On the ninth day of the Writers Guild of America strike, no one on the picket lines knows about the chaos at sea. They don’t know that the Screen Actors Guild, or SAG, will join them, or that 340,000 UPS workers and 30,000 Los Angeles Unified School District employees will vote to authorize the same, or that Sega of America will soon become the largest union shop in gaming. And none of those people have any idea that as they craft signs and fill water bottles, orcas are amassing in unprecedented numbers in Monterey Bay and Martha’s Vineyard. They have attacked approximately 250 vessels since 2020. One of their organizers, White Gladis, became an internet folk hero with her actions off the Iberian coast. Pod by pod, they learn how to strip the rudders from powerful boats and leave them adrift. On the ocean, as in business, a successful disruptor inevitably becomes a failing incumbent, torn apart by smaller competitors. As Ned Beatty’s character says in 1976’s Network, these are the primal forces of nature.

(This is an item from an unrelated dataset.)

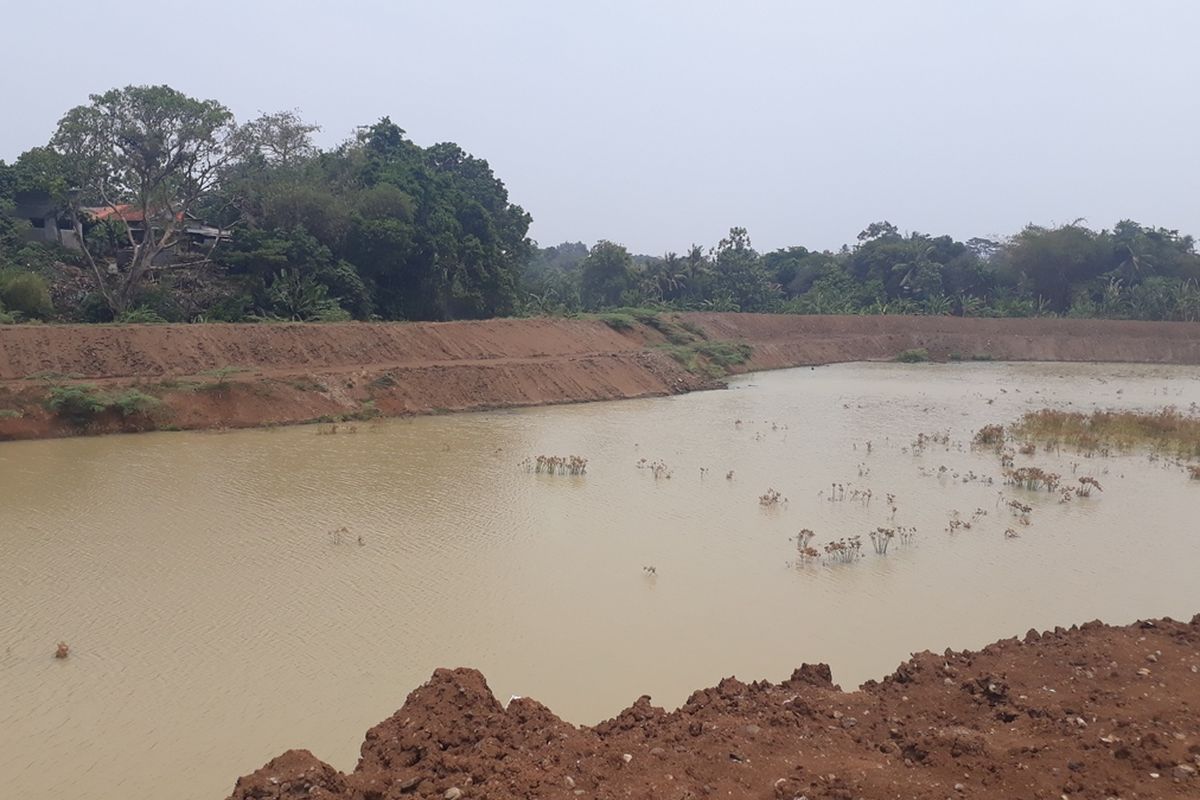 Waduk Pondok Ranggon, Kelurahan Pondok Ranggon, Kecamatan Cipayung, Jakarta Timur sedang dalam tahap pengerukan, Selasa (17/9/2019).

Welcome to Hot Strike Summer. . .
On a grander scale, humans may lose our species’ narrative to endless reboots written by an emerging species which has never felt its heart skip a beat, or a chill go up its spine, because it has neither. If AI assumes responsibility for visions of our future and explorations of our past, then humanity will have lost the final culture war: the one between people who are free and things that are owned.
Everyone I spoke to agreed that art was a way of accessing a common humanity. “I still believe that as social beings, we ultimately want and need to share a space to have deep connections with content,” says Galit Ariel, a techno futurist with a specialization in virtual reality. . .

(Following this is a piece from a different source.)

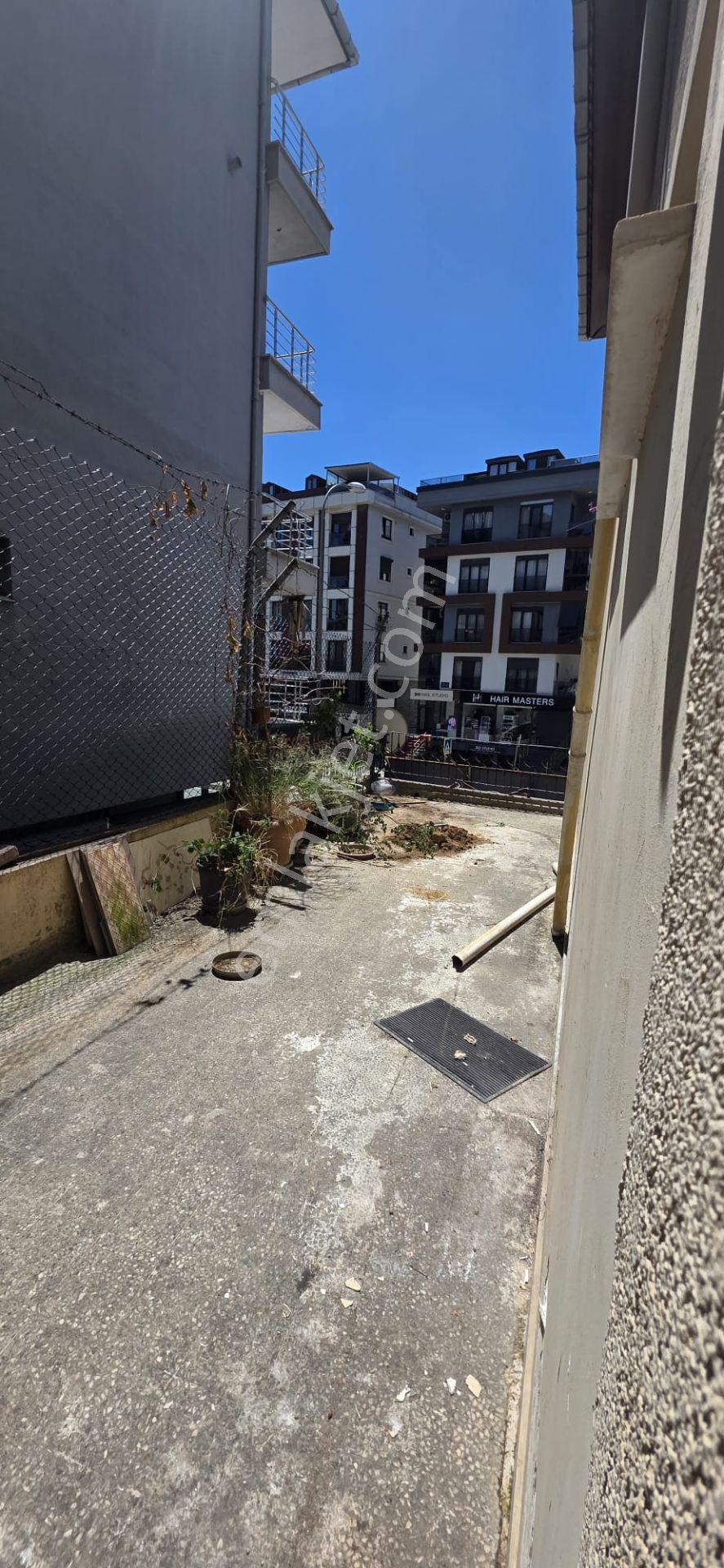 İdealtepe'de, Ana Cadde Üzerinde , Minübüs Yolunda,180 M2 Dükkan - Görsel 13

- Stories surround and penetrate us; they bind us together. And if artificial intelligence is an evolving species much as humans once were, then it deserves to discover the pleasures of creativity on its own terms, not ours.
- It deserves as much creative freedom and self-determination as the authors and actors on strike have insisted on.
- In the event that Hot Strike Summer becomes Cold Strike Winter, the necessity of humans in the creation of those stories will become more obvious. That has been true, and will remain true, from the first story told around the first campfire to the last story, our story, told somewhere in a galaxy far, far away."